30 yıllık kleptokrasi
İktidar varsa, direniş kaçınılmazdır. Direniş yoksa özgürlük de yoktur. Kazakistan’da gördüğümüz tablo bunun örneğidir. Akaryakıta yapılan zam, devenin belini kıran son “saman çöpü” oldu. Yoksullaştırılan kitleler, 30 yıllık kleptokrasiye (hırsızlar düzeni) daha fazla tahammül edemezdi. Gerilen yay, okunu fırlattı. Kendini “ilbaşı” ilan eden Nursultan Nazarbayev’in “yüceliği”, 30 yıllık büyük “aşırmaya” dikilmiş bir kılıftı. Kleptokrasiyi başarıyla yürüten otokratın artık “büyüsü” kalmadı. Kral çıplak. Asıl konuşulması gereken akaryakıta ne kadar zam yapıldığı değil, bu zammın kim tarafından yapıldığı. Kleptokrasinin başını çekenlerden biri Timur Kulibayev’dir. Kazakistan’da nerdeyse tüm üretim araçlarını (petrol, doğalgaz, madenler, emlak, otomotiv vb.) tekelinde tutan Kulibayev, “ALMEX” adlı holdingin sahibi. Forbes’e göre serveti yaklaşık 3 milyar dolar civarında. Kulibayev, aynı zamanda Nursultan Nazarbayev’in “damadı”. Eşi Dinara Kulibayeva da Forbes’in listesine girmiş durumda. Onun da serveti 3 milyar doları geçti. Timur Kulibayev, aynı zamanda Gazprom’un yönetim kurulu üyesidir. Dolayısıyla Putin yönetiminin halkın direnişi karşısındaki telaşının “sırrını” iyi bilmek gerekiyor.
Nazarbayev hanedanlığı
Marks ve Engels’e ilham olan Charles Fourier, “Uygarlıkta yoksulluk, bolluğun kendisinden doğar” diyor. Kazakistan’da ciddi bir “bolluk” var. Ancak bu bolluğun sahibi olan küçük bir oligarşik yapı var. Mevcut yapıya mensup şahıslardan biri de Nursultan Nazarbayev’in diğer kızı Dariga Nazarbayeva’dır. Londra’da Dariga ve oğlu Nurali Aliyev’e ait milyonlarca sterlin değerinde gayrimenkul olduğu tahmin ediliyor. En fantastik olanı ise ünlü kurgusal dedektif Sherlock Holmes’in evini satın almalarıdır. Dedektif maceraları serveti tatlandıran bir “sos” gibi. Rusya’dan Sol Cephe’nin (Leviy Front) verdiği bilgiye göre, Sherlock Holmes’in evi 140 milyon sterline satın alınmış. Garabetlerden biri de İngiltere’nin birçok otokratın “sığınağı” olmasıdır.

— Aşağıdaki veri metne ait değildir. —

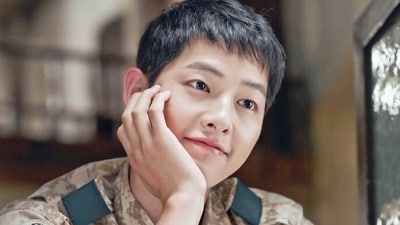 K-drama actor Song Joong Ki married Katy Louise Saunders.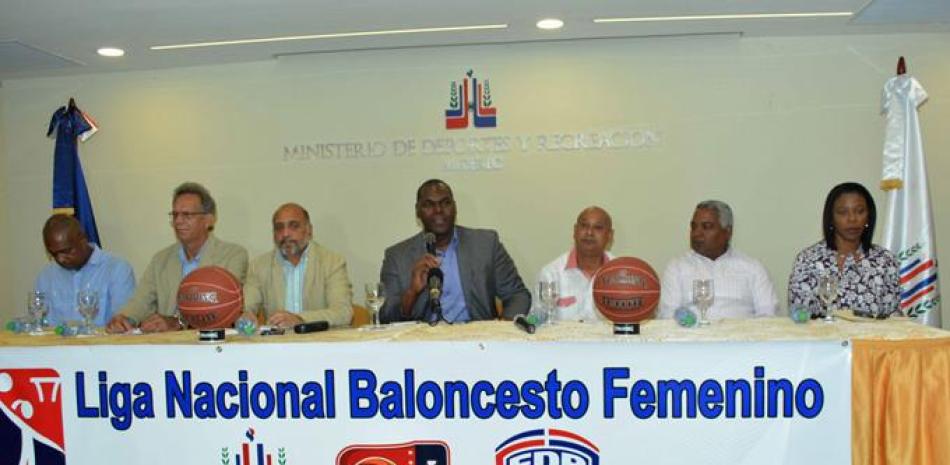 Soterio Ramírez y Fernando Teruel encabezan la conferencia de prensa donde se anunciaron los detalles del segundo torneo de la Liga Nacional de Baloncesto Femenino.
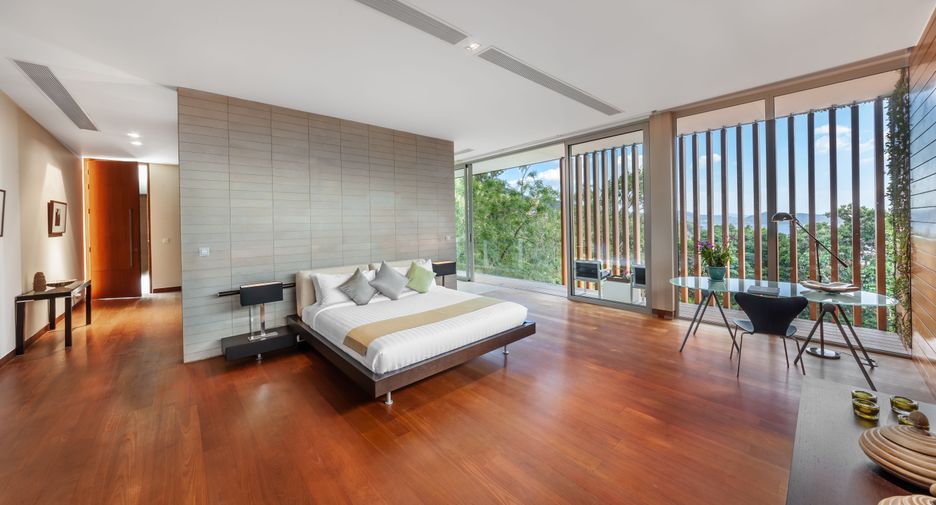 For sale 4 bedrooms villa in Kathu, Phuket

Bu servet aynı zamanda Dariga’nın gizemli eşi Rahat Aliyev’den tevarüs etmişti. Çift, 2007 yılında boşanmıştı. 2015 yılında Avusturya’da “intihar” ettiği düşünülen Rahat Aliyev hakkında çok sayıda suçlama vardı. Kara para aklama, insan kaçırma, cinayet, yolsuzluk vs. “Mübarek” aile içerisinde aykırı tek bir ses vardı. O da uyuşturucu bağımlısı Aysultan Nazarbayev’di. Dariga-Rahat Aliyev çiftinden doğan Aysultan, ailenin sır perdesini aralayacak bazı hamlelerde bulunmuştu. Özellikle Moskova yönetimi ve Kazakistan hükümeti arasındaki yolsuzlukları açıklayacağı esnada baskılar uygulandı ve Londra’ya sığınmak zorunda kaldı. Burada 16 Ağustos 2020’de “kalp krizinden” öldüğü iddia ediliyor.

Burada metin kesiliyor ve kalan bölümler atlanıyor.